Here is what is going into the mogul, which is a 2119d bumblebee. Locolinc reciever, Soundlinc sound card and 2 7.2vt 5000mah NiMH batteries in series to get 14.4vdc. My layout is small, 12 foot by 15 foot roughly square. So slow speed running is ok. I will also be doing a 1st generation Aristo C16 but without sound. Neither will have smoke units hooked up as I dont use them so I am not going to waste battery power running them. The battery choice is because thats what I have on hand that can be shared with my RC cars. 1 of those 5000mah batteries will run the C16 at a slow yard speed for 6+hours, anything over 4 hours I am happy with. Even sound isnt high on the list, but as I am getting a soundlinc as part of a box of Locolinc gear, I will use it. Thanks for the info Johathon, while I am not exactly new here, actualy putting RC into a G scale engine is new to me. I have run and raced Team Associated RC10 buggies in the past. So not totaly green when it comes to RC. The mogul I ended up with has no sound, just the lighting boards which will remain stock.

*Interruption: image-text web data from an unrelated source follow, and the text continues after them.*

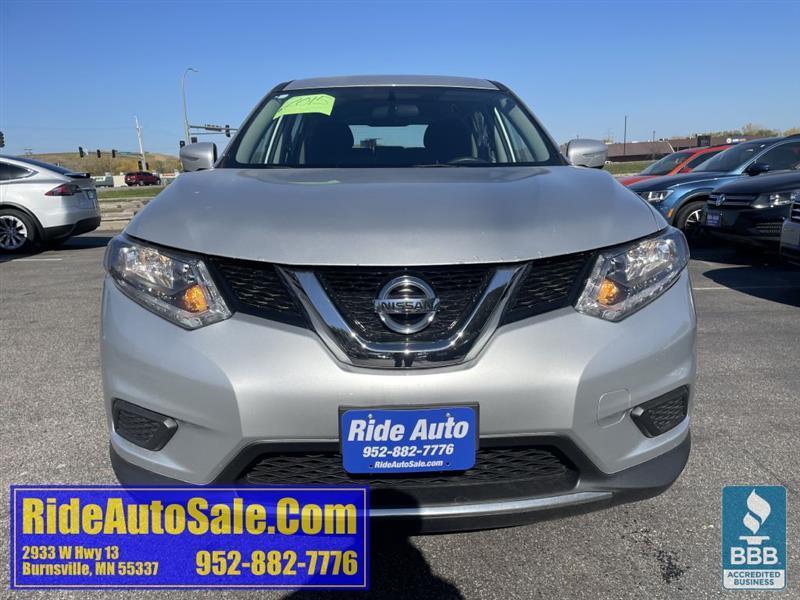 Nissan Rogue  2015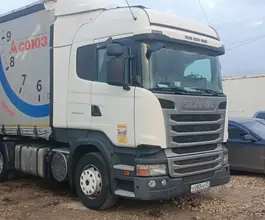 Седельный тягач Седельный тягач Scania R 2017 года б/у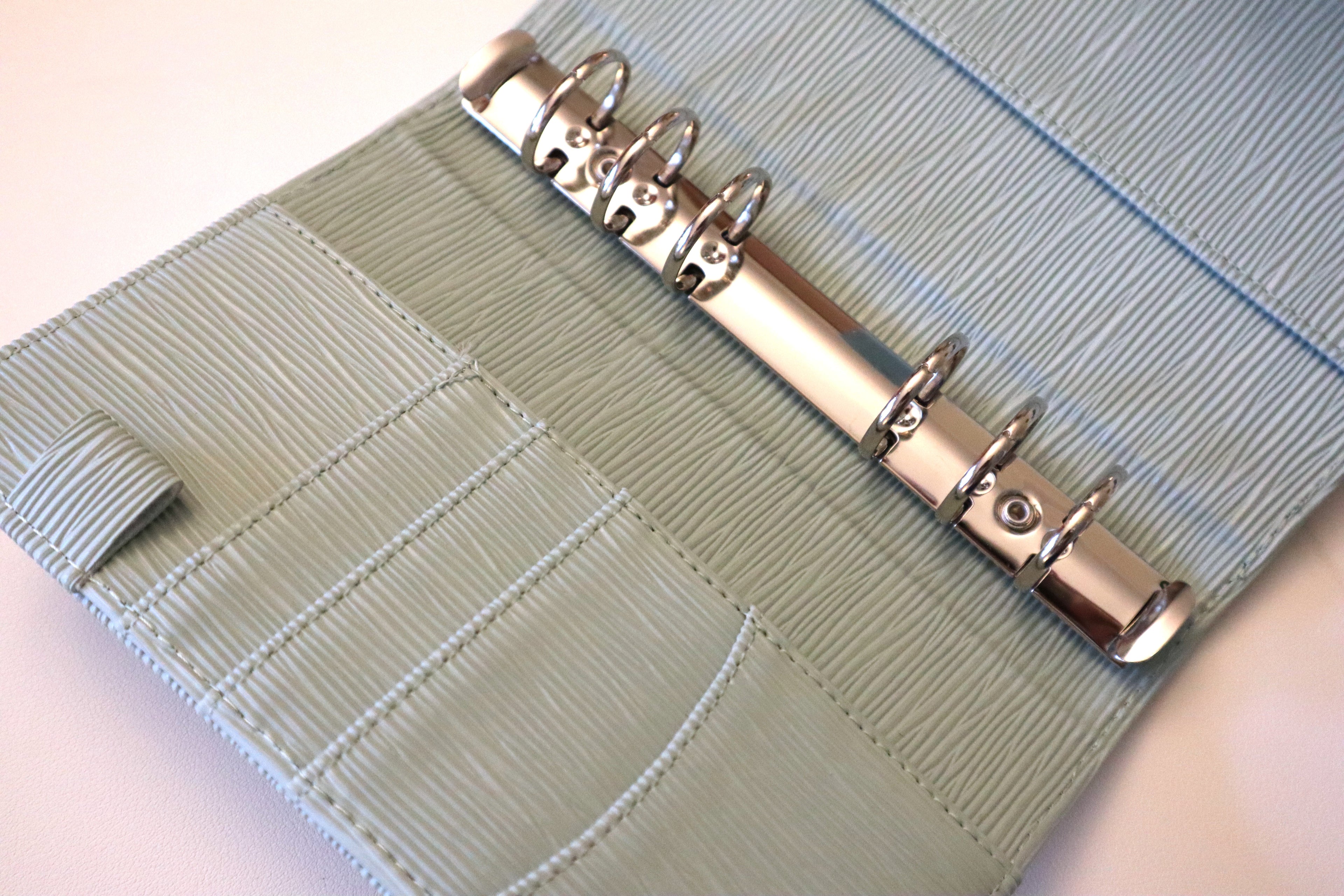 PRE-ORDER A6 Cash Envelope Binder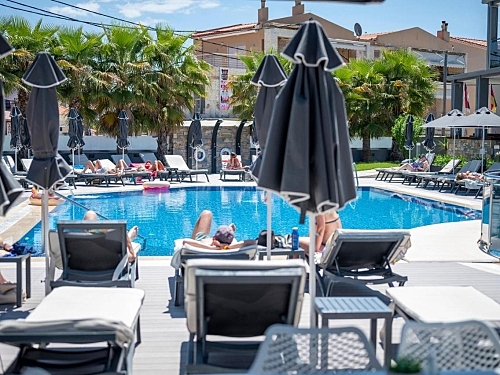 Dionysos Hotel & Suites Grecia (38 / 44)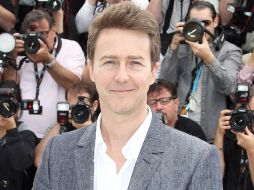 Edward Norton prefiere un personaje como Bourne, frente a otro como Jmaes Bond. AFP  /
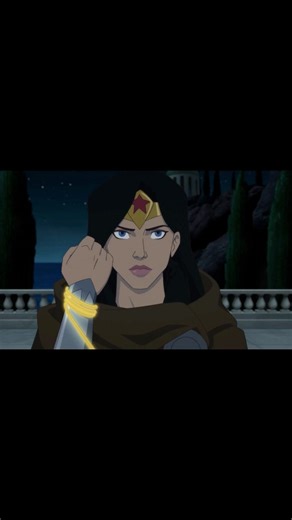 Diana vs Hippolyta from Wonder Wpman: Bloodlines #wonderwoman #fblifestyle | Wonder Woman Everything Fans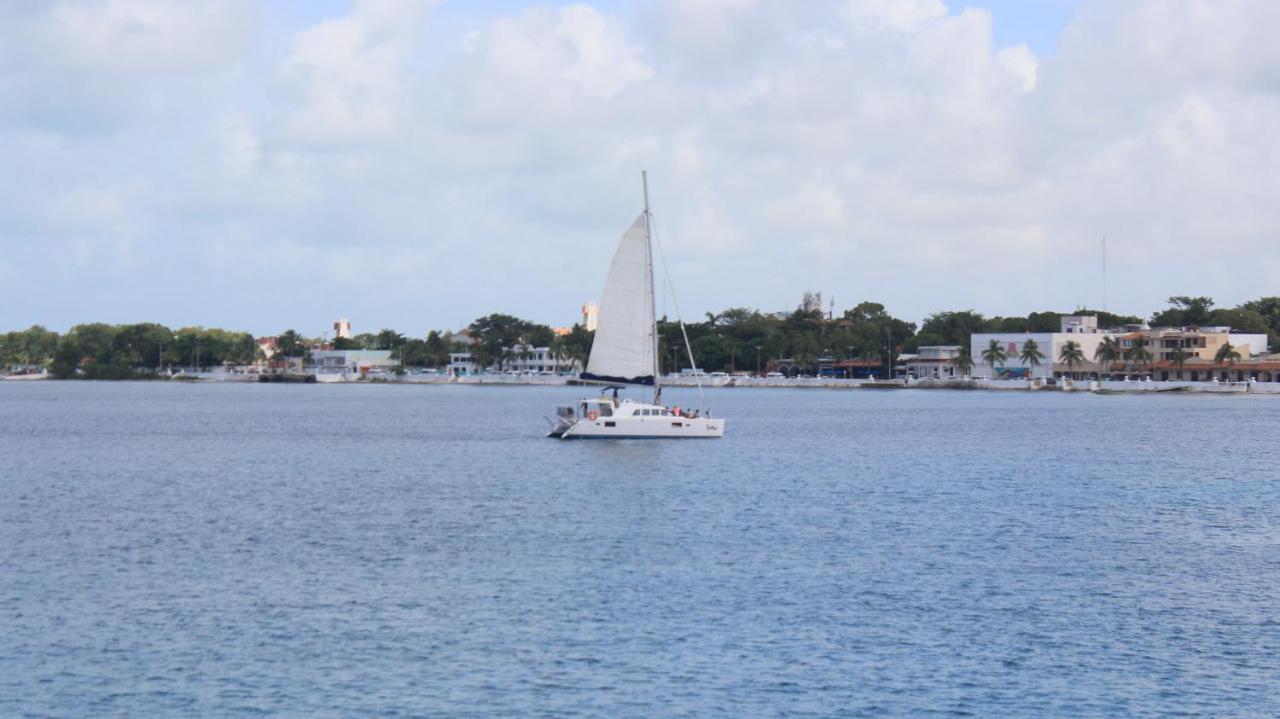 Amplio Estudio En Cozumel, Condominio Privado E12 Exteriör bild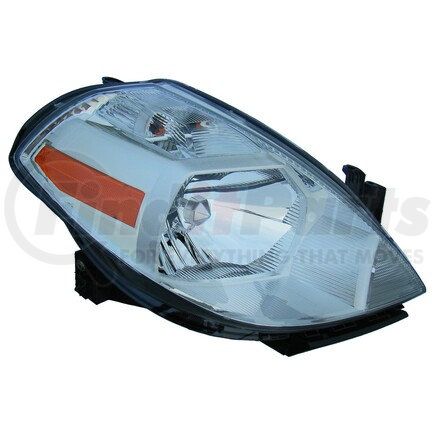 DS628-B001R by EAGLE EYE - Headlight Assembly
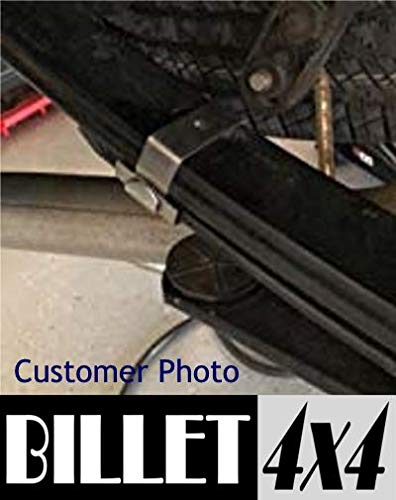 BILLET4X4 Leaf Spring Repair Clip & Cap - Set of Four (4)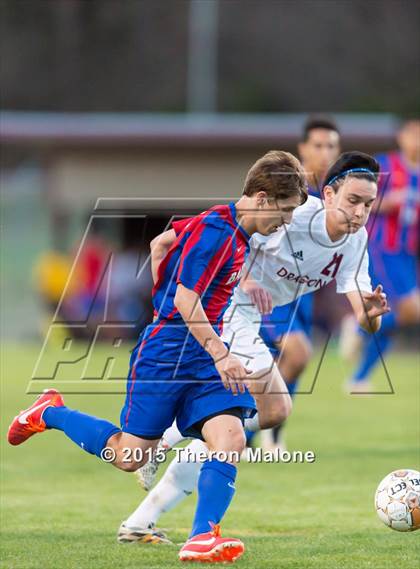 Thumbnail 3 in Bartlett vs. Collierville photogallery.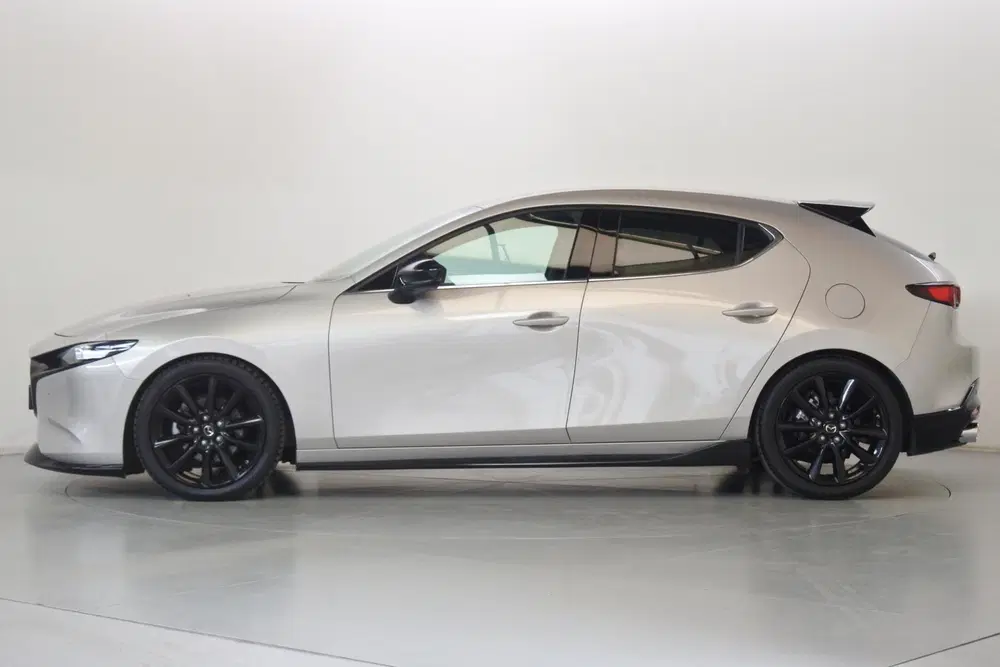 Mazda 3 2.0 MHEV 122pk Homura Aero pack Remus® Eib uit 2023, foto 7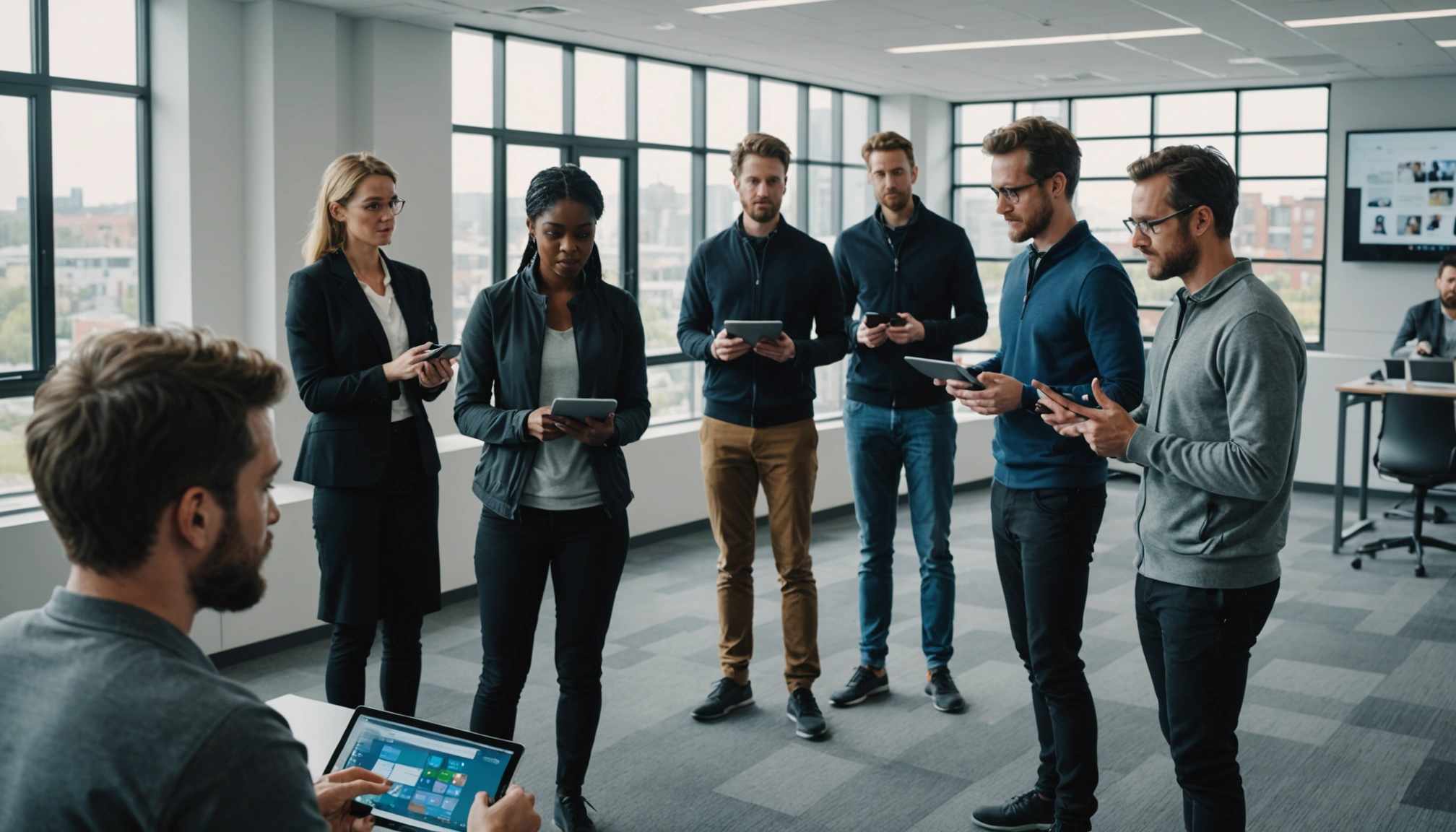Formation IA et nouvelles technologies : booster vos compétences à l’ère du digital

I think the 14.4vt set up with twin batteries in series will give me decent run times. Just have to mod the coal load to be removable so I can pull the batteries to recharge. Cheers Mike


----------



## TonyWalsham (Jan 2, 2008)

Which voltage is best depends on how you intend to wire the LGB Mogul.
If you intend to power the whole loco, including the stock LGB lights and smoke etc from the ESC output then, yes, 21.6 volts would OK if a just a tad high.
If you intend to separate the motor from the LGB wiring and power the motor only from the output of the ESC then 14.4 volts is more than adequate.


----------



## Mike Toney (Feb 25, 2009)

Thanks Tony, I will try it each way and see which way works best for me. Should have the mogul in my hands sometime next week. Mike


----------



## Mike Toney (Feb 25, 2009)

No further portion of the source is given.